[SOURCE DATA Boundary: Start]

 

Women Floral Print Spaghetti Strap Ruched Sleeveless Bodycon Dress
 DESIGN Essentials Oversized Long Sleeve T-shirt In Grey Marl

[SOURCE DATA Boundary: End]
[SOURCE DATA Boundary: Start]

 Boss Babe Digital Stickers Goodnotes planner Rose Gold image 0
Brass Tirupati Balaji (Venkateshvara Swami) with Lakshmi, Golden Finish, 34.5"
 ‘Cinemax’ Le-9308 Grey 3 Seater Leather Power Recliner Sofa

[SOURCE DATA Boundary: End]
[SOURCE DATA Boundary: Start]

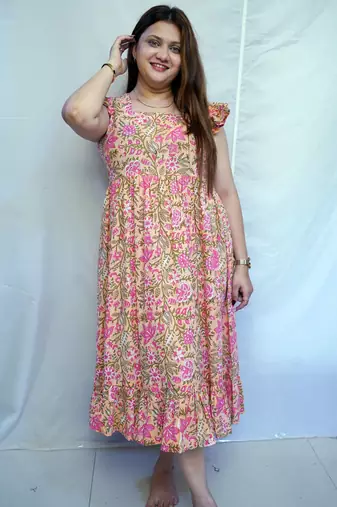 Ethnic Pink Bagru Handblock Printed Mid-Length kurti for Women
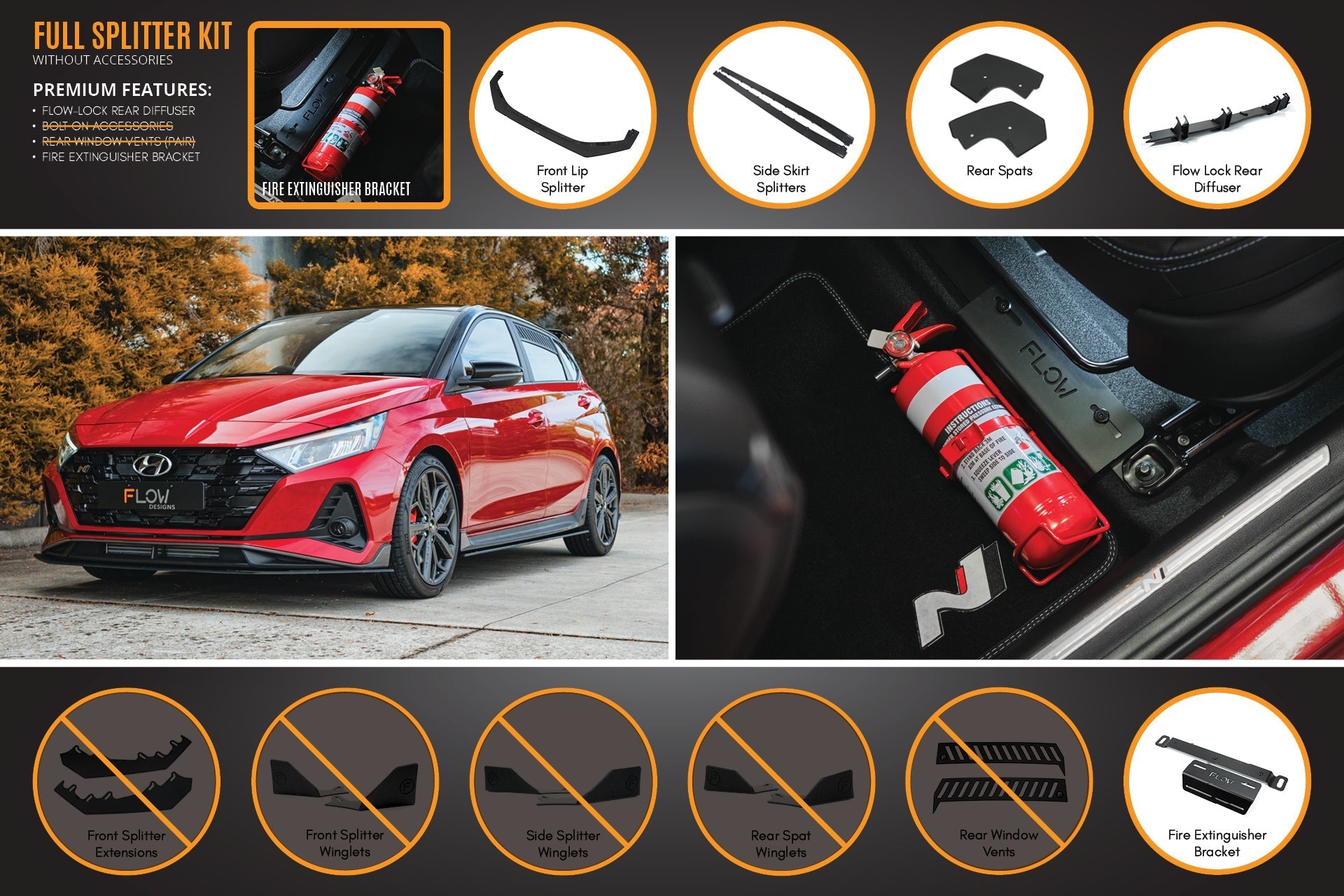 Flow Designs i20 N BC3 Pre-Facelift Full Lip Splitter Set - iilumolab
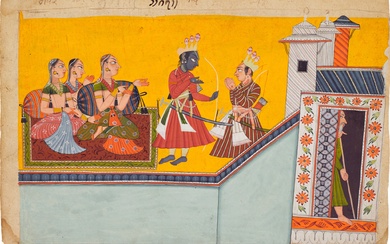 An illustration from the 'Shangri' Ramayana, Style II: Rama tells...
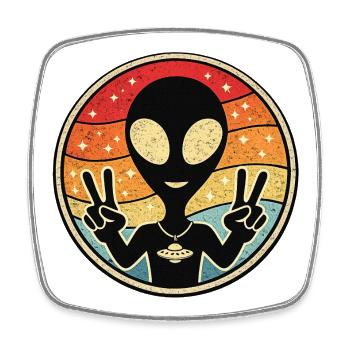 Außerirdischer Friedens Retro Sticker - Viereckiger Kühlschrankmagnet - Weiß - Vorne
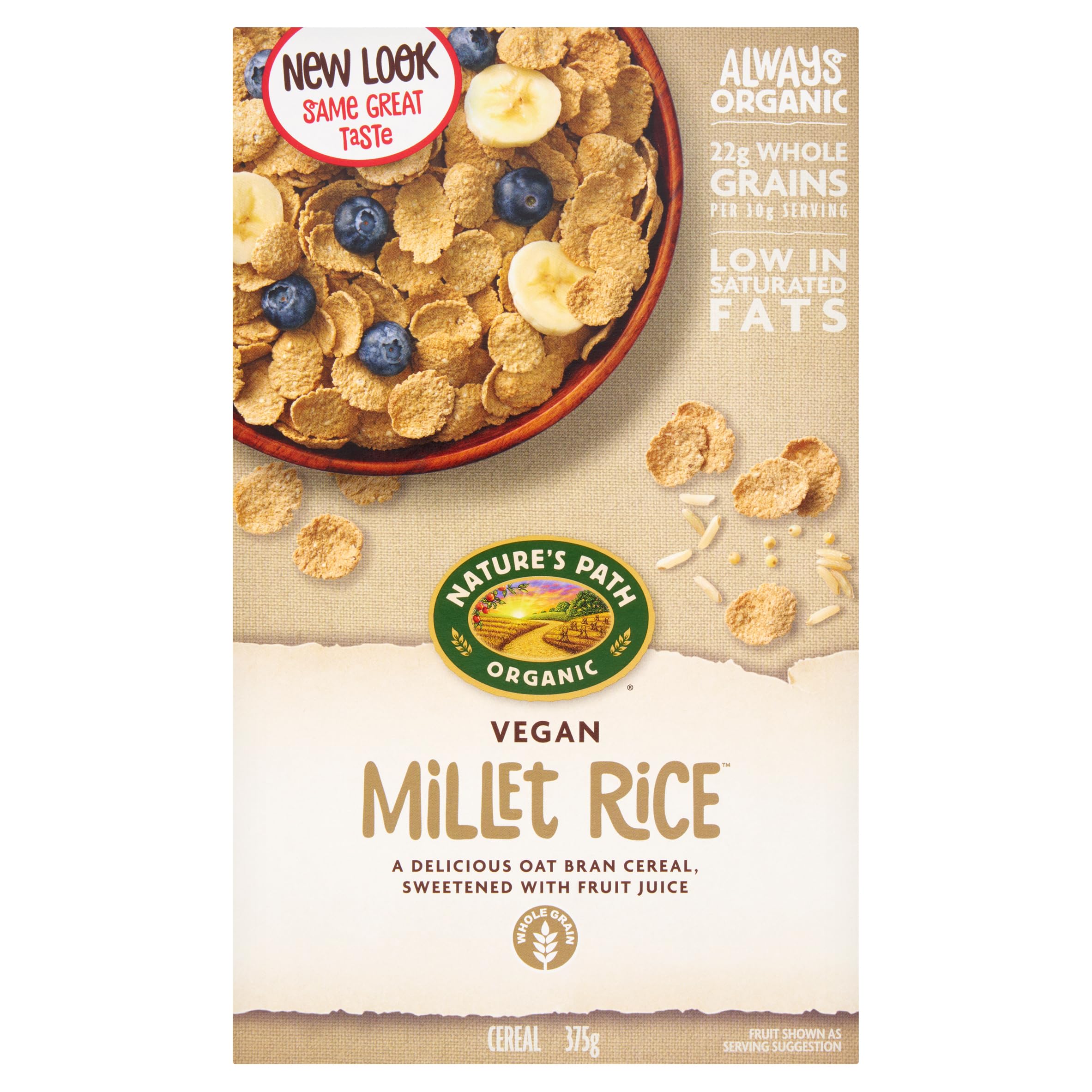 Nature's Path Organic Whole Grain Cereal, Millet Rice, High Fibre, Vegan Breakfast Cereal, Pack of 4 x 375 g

[SOURCE DATA Boundary: End]

* _WORK TO COMPLETE_: Where a line contains the word "Grey", copy that line from the listing above.

* _SOLUTION BELOW_:
 DESIGN Essentials Oversized Long Sleeve T-shirt In Grey Marl
 ‘Cinemax’ Le-9308 Grey 3 Seater Leather Power Recliner Sofa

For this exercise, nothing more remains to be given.